Dataset content section start
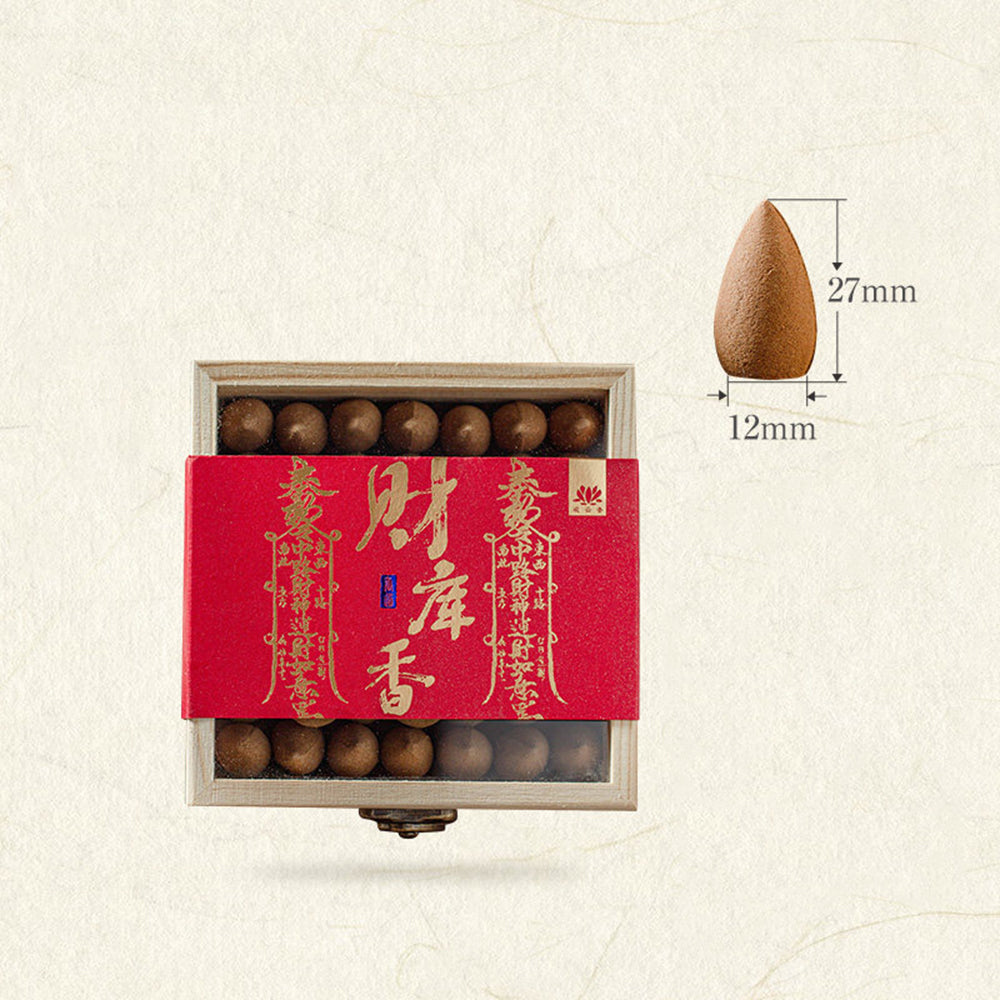 Wealth Backflow Incense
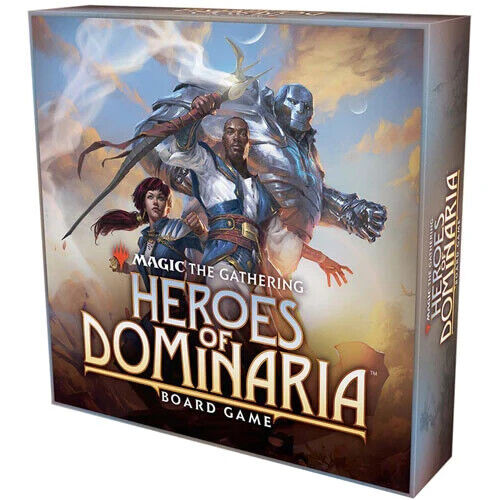 Magic the Gathering HEROES OF DOMINARIA STANDARD EDITION GAME New - Tistaminis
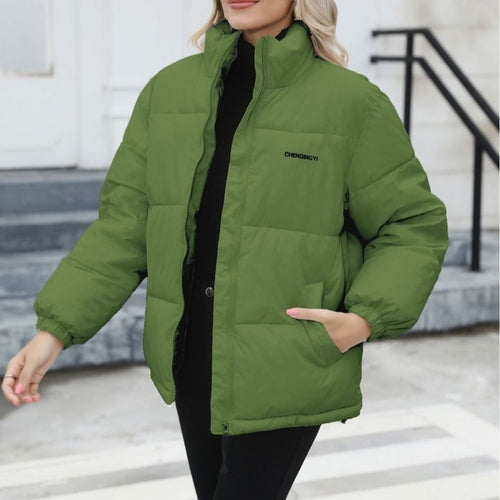 Windproof Down Cotton Coat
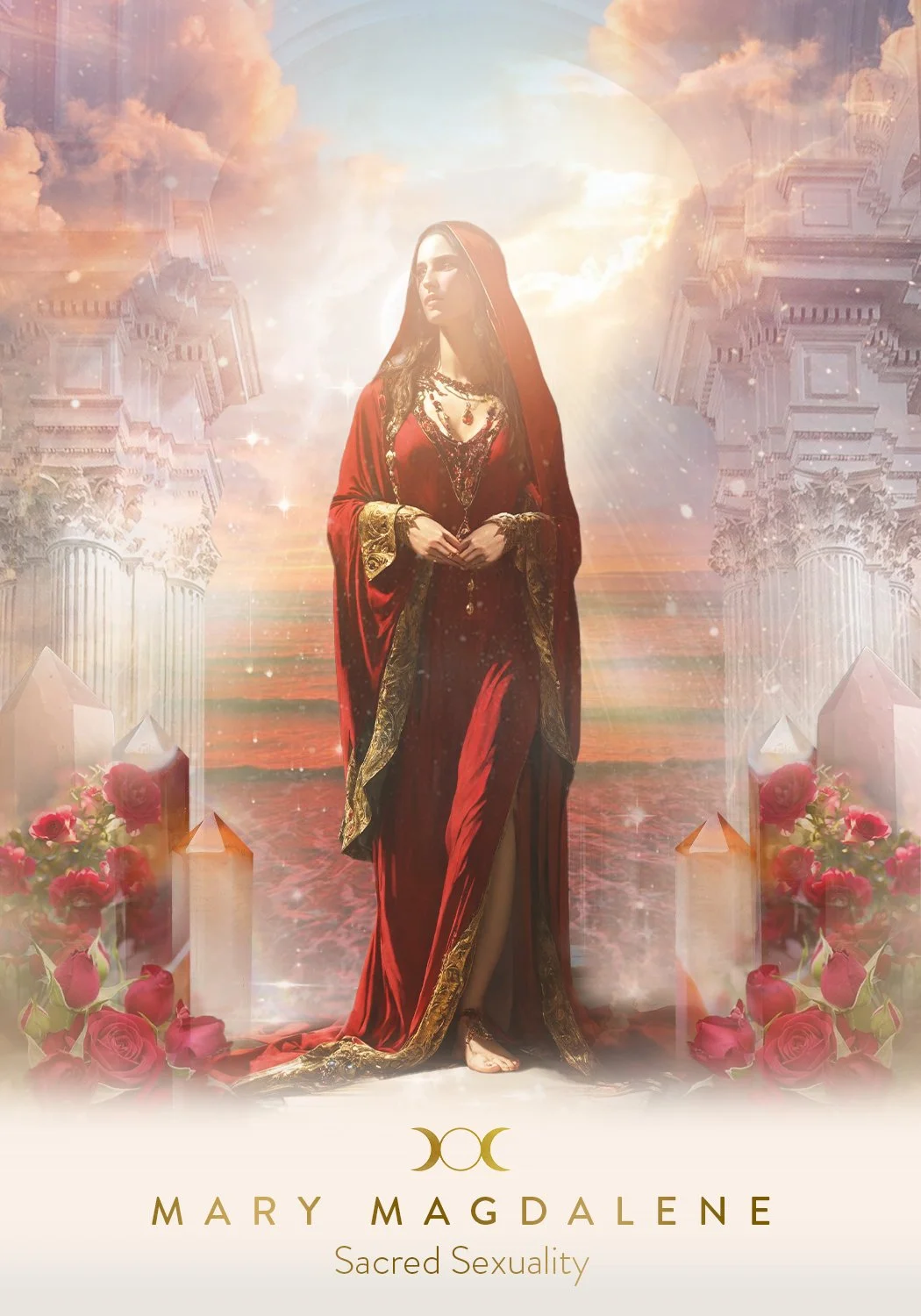 Mary Magdalene Oracle Card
Dataset content section end
> [Work instructions]:
Give back word for word the lines from the one containing "Magic the Gathering" through the final line of the data above. Pictures are to be left out.

> [Exercise result]:
 Magic the Gathering HEROES OF DOMINARIA STANDARD EDITION GAME New - Tistaminis
 Windproof Down Cotton Coat
 Mary Magdalene Oracle Card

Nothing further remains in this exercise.